Leandro Salgentelli
Eu te amo, mas hoje quero ficar sozinho
Ele havia reivindicado mais presença. Era um daqueles românticos natos que gosta de andar de mãos dadas, ir ao cinema juntos, fazer compras juntos e a cada vez que verbalizava “você precisa se empenhar mais no que a gente está construindo”, silenciosamente dizia para mim mesmo: juntos, mas sempre?
Lembro como se fosse ontem. Certo dia fui ao cinema sozinho e desliguei o celular como é de hábito, claro que nada demais iria acontecer. Mas ele era também um daqueles ciosos que não admite uma fugida dessa vida estressada que levamos todos. Quando me viu fuzilou como se tivesse cometido a maior atrocidade do mundo.
— Você não responde mais mensagens?
— Quem mensagens? —, respondi sem entender o que estava acontecendo. Para minha má sorte justo naquele dia havia esqueci o celular desligado. Ou fiz de propósito — não lembro ao certo. Às vezes somos pegos pelas armadilhas do nosso próprio subconsciente.
— Estava preocupado, onde você estava?
— Fui ao cinema. Aconteceu alguma coisa?
— Com quem? — franziu o cenho, desconfiando da minha objetividade.
Para ele, não era cinema coisíssima nenhuma, enquanto eu jugava a irritabilidade daquele tacanho que havia conhecido há tão pouco tempo. Quando disse que fui ao cinema sozinho sua sutileza se revestiu em pasmos, em revolta; então, abriu a porta e foi embora. Não me lembro de sentir culpa, mas lembro de que estranhei a reação e cheguei a cogitar “o que eu fiz” (?). Era culpa.
Nada como a vida para com o tempo explicar as condições implícitas da convivência. Encontramo-nos mais tarde e rimos de tudo o que aconteceu — não teve flashback, erámos bastantes diferentes para essa proeza —, mas admite, naquele encontro de “olá, quanto tempo”, que se não tivesse ido embora naquela noite, eu iria. E rimos e cada um seguiu a vida.
Eu sou assim. E não sei ser diferente.
Têm dias que meu corpo não cabe na multidão. Em diálogos, em nenhum espaço que não seja o meu.
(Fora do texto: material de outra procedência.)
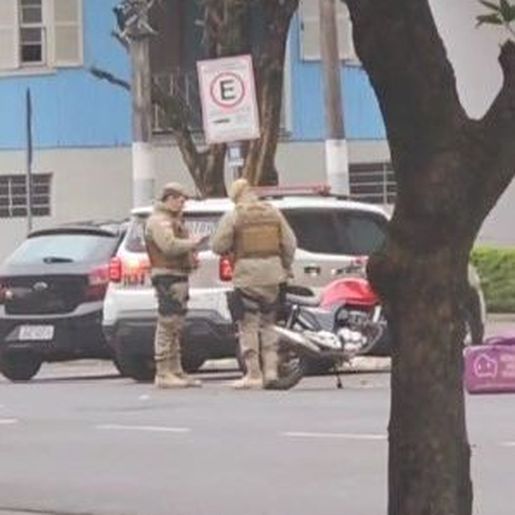 Adolescente atropela policial durante fuga e acaba apreendido em SMOeste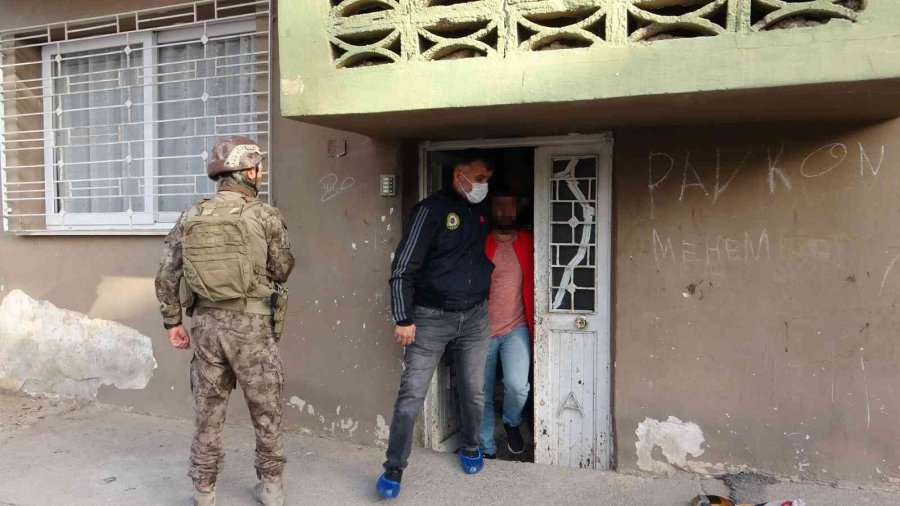 Bombayı Patlatıp, Yunanistan’a Kaçacakmış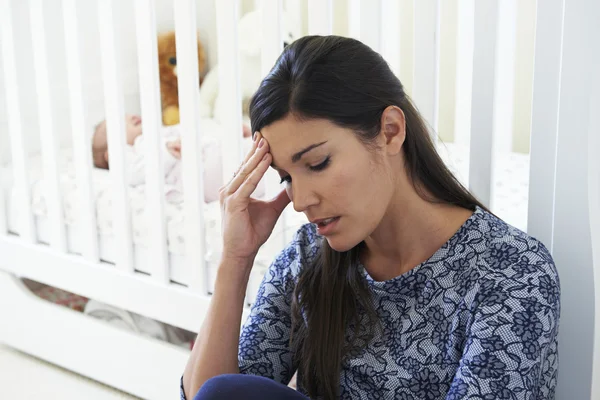 Frustrated Mother Suffering From Post Natal Depression — Stock Photo, Image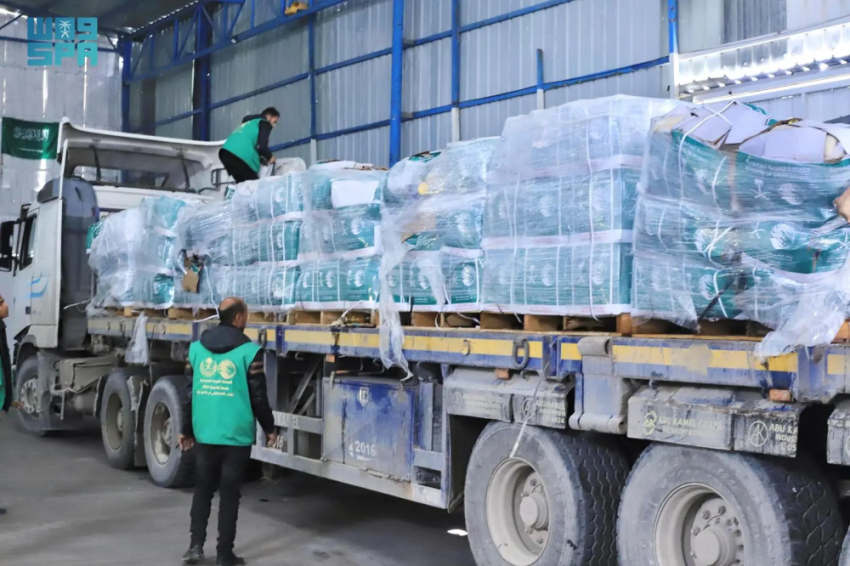 وصول قافلة مساعدات غذائية جديدة مقدّمة من مركز الملك سلمان للإغاثة إلى وسط قطاع غزة 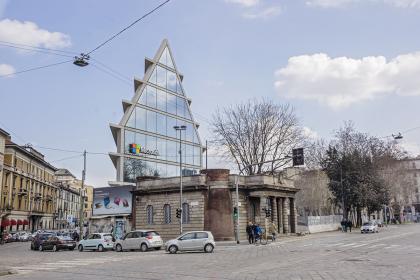 Der östliche Teil der Porta Volta vom Piazzale Antonio Baiamonti aus gesehen. Die Porta Volta wurde als eines der jüngsten Stadttore der Mailänder «Spanischen Mauer» im Jahr 1880 erbaut. Heute sind nur noch die beiden Zollgebäude rechts und links der Via Alessandro Volta (rechts) erhalten. Der östliche Teil der Porta Volta vom Piazzale Antonio Baiamonti aus gesehen. Die Porta Volta wurde als eines der jüngsten Stadttore der Mailänder «Spanischen Mauer» im Jahr 1880 erbaut. Heute sind nur noch die beiden Zollgebäude rechts und links der Via Alessandro Volta (rechts) erhalten.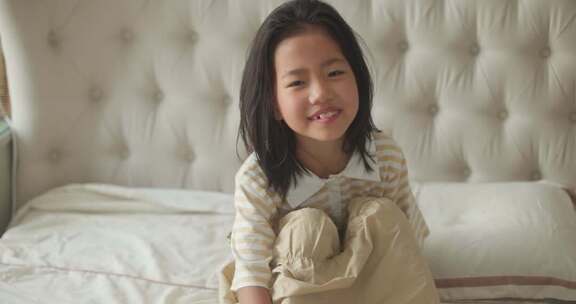 女孩床上微笑瞬间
Podemos andar de mãos dadas na praia, não há problema nisso, mas temo que não compreenda quando pedir silêncio para ouvir o mar, as ondas chegando à orla e voltando.
Vão ter dias que não vou caber nesse meu corpo e nesse espaço inteiro, então vou transbordar. E nessa inteireza de ser, talvez eu queira ficar sozinho, mas não se irrite, porque eu te amo.
Você pode ser uma pessoa incrível, que tenha bom humor, que falemos sobre os filmes e coisas que vimos juntos, mas vai chegar um dia em que vou querer tomar vinho sozinho, trocar o dia pela noite tomando espaço do meu corpo e do meu lar.
Saiba que não é solidão: é solitude.
E no dia em que eu chegar à sua casa e você disser que quer ficar sozinho; com um olhar mais genuíno do mundo vou sorrir, certamente darei um beijo e sairei pulando de alegria, porque nesse dia, o teu silêncio vai dizer que me ama.
Penso que o relacionamento monogâmico, este que passamos adiante, pai-mãe-filho, ultrapassam as limitações da estreiteza no convívio. É delicado o assunto porque temos uma falsa impressão que este é o único caminho para se ter uma vida bem aproveitada de fato. Quando nos relacionamos, esperamos algum retorno emocional, de certo modo temos, mas a pergunta que fica é: por quanto tempo?
Ao nos relacionarmos nesse modelo patriarcal estamos fadados à submissão. Abrimos mão das vontades, dos desejos, deixamos de ir a certos lugares porque desagrada o parceiro. O que pouco se discute é que mudamos nossa personalidade para caber no conceito do outro. Até que num dado momento a dependência emocional é tamanha que não vemos alternativa a não ser aceitar essa resignação. E esse é outro ponto: a perda da identidade.
É doloroso admitir que o casamento seja uma instituição falida. Como é doloroso admitir para mim mesmo que não é normal sentir uma pequena morte a cada fim de relacionamento. Que tipo de amor é esse que causa uma desorganização psicológica tão grande a ponto de perder o tino? Que sonhos são esses que apostamos num relacionamento para sentir tanta fragilidade? Que nível de frustração é essa para nos desestruturar tanto? E a pergunta que mais me toca, que faz repensar todas as minhas relações: que ideia é essa de sermos salvo de modo que a saúde física e mental fica abaladas?